While some cats crave affection and would do anything to sit on your lap, others can be timid and appear aloof. Most of the time, this just comes down to individual personality differences, but sometimes it can be a result of a lack of socialisation.
Kittens that have not been handled by humans during their first 3-7 weeks of life may have less of an inclination to be affectionate and, indeed, venture on to your lap.
If you have one of those reluctant cats, but have always wanted a cuddly lap-cat, there are a few things you could try.
To have the best chances of success with your cat, it’s important the environment is conducive to relaxing and cuddly times. Dim the lights and turn the TV on to a low volume. Then, we are aiming to make your cat feel positive associations with touch and contact, by pairing this with a reward (such as a special tasty treat!).

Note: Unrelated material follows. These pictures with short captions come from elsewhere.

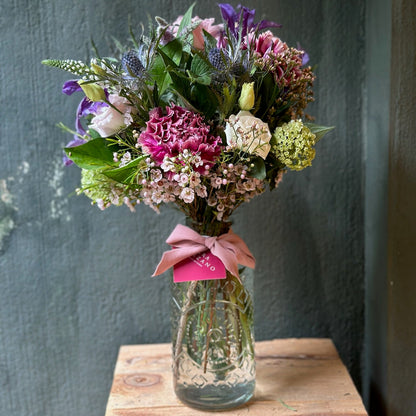 Bottle with Seasonal Flowers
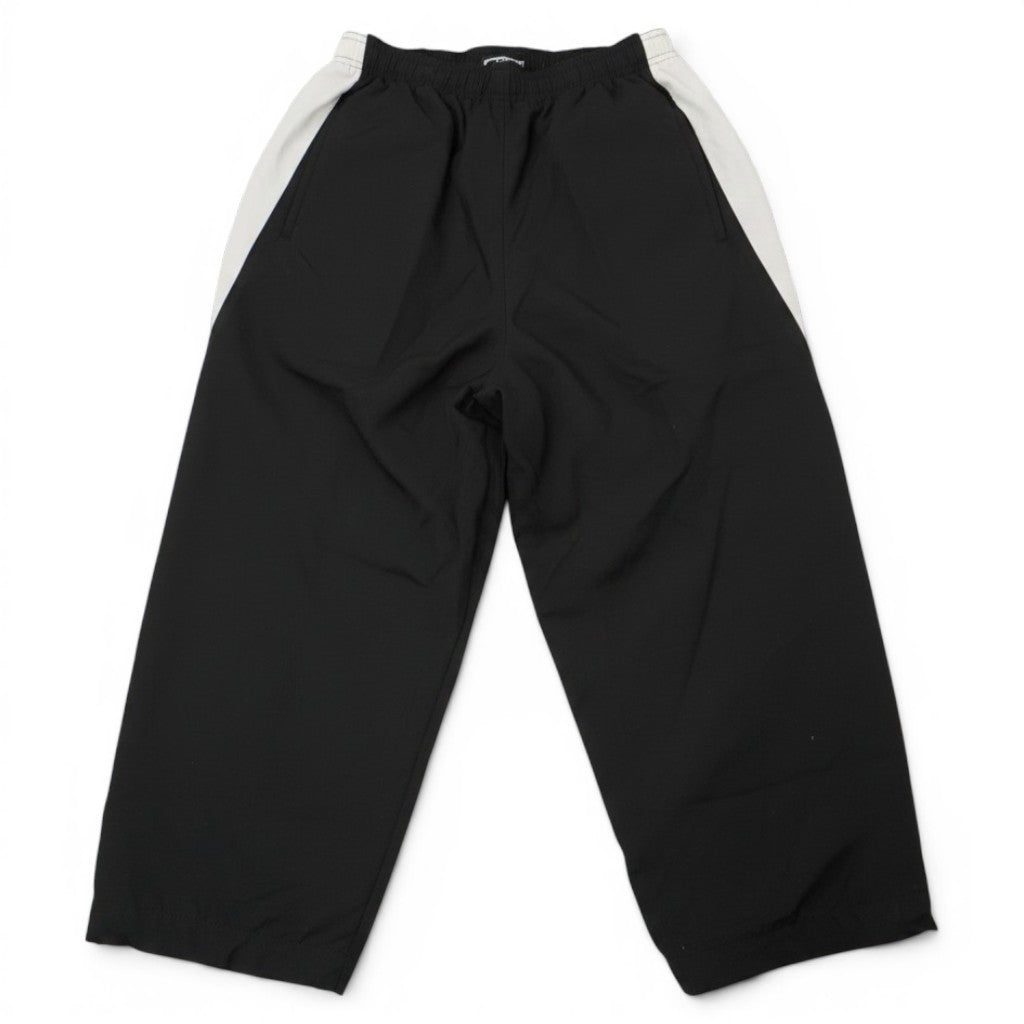 Retro pantaloni a tre quarti uomo Puma in tessuto tecnico nero con inserti bianchi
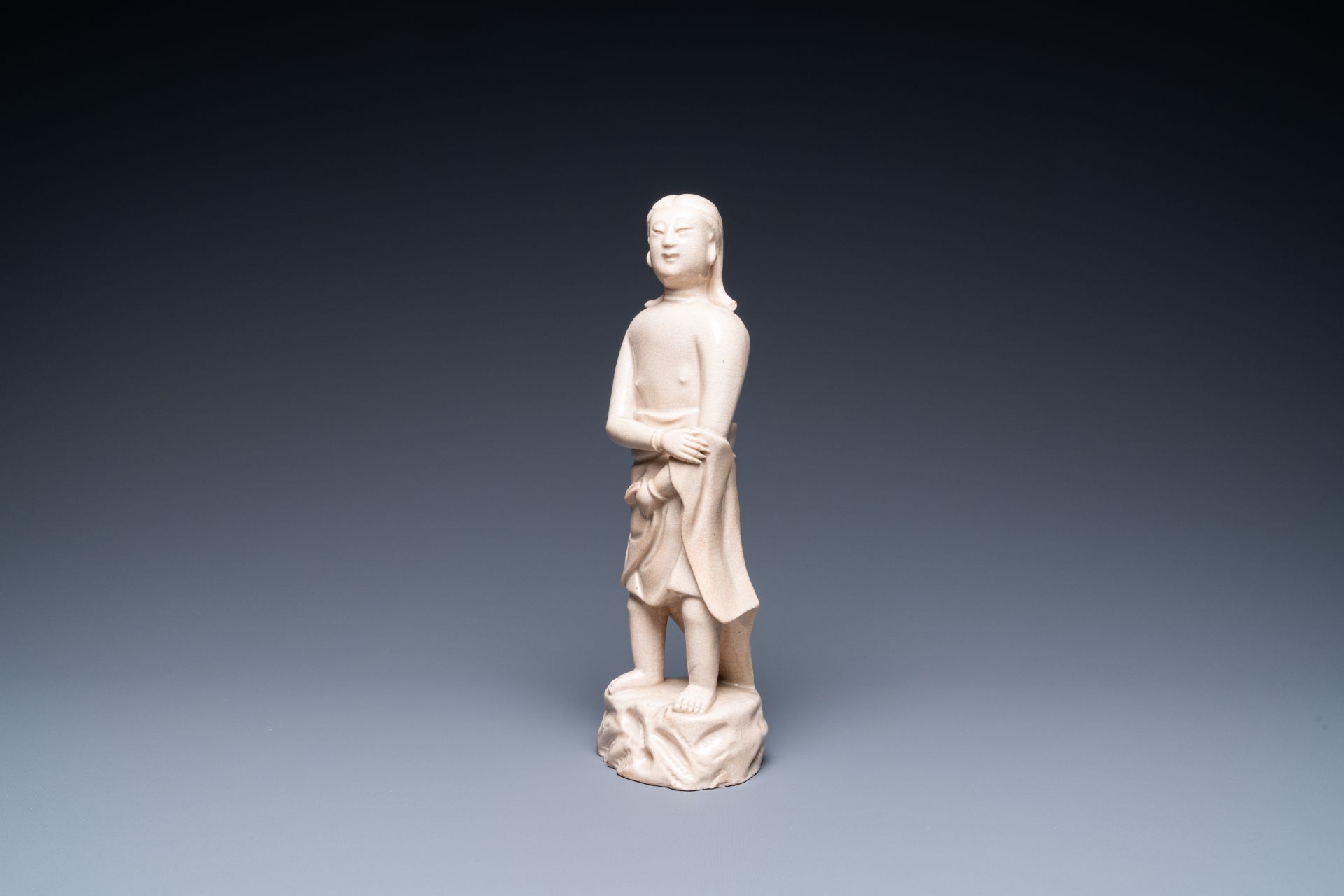 A Chinese monochrome soft paste sculpture of Adam, Kangxi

A few key points to remember:
- Interactions should be limited to very short, planned sessions.
- It’s important to try to read your cat’s body language and how to predict when anxiety is increasing — for example, tail twitching, stiffening of the shoulders/legs, dilation of the pupils — if you notice any of these signs stop the session.
- Food can be a very powerful tool. It will act as a reward being handled and then, hopefully, for taking that big step on to your lap.
- Take some of your cat’s favourite treats into your lounge and sit down on the sofa. While keeping your eyes fixed firmly on the TV and resisting the temptation to look at or speak to your cat, gently toss them, one at a time on to the floor in front of you. If he doesn’t come over at this stage just toss the treat a little further towards your cat (this will work better with a hungry cat!).
- When your cat responds positively, place a treat on to your sofa, so that they have got to get onto the sofa beside you.
- Eventually, lure your kitty on to your lap with a treat. It is very important to remember at this stage that you do not try to hold/pet your cat — you need him to feel as though he has full control.
- Remember, you will need heaps of patience as this could take quite a considerable amount of time — but don’t give up.
The above exercises should be repeated daily and, hopefully, over a period of time your cat will feel safe and secure enough to curl up and rest on your lap, and you will have the lap cat you’ve always dreamed of!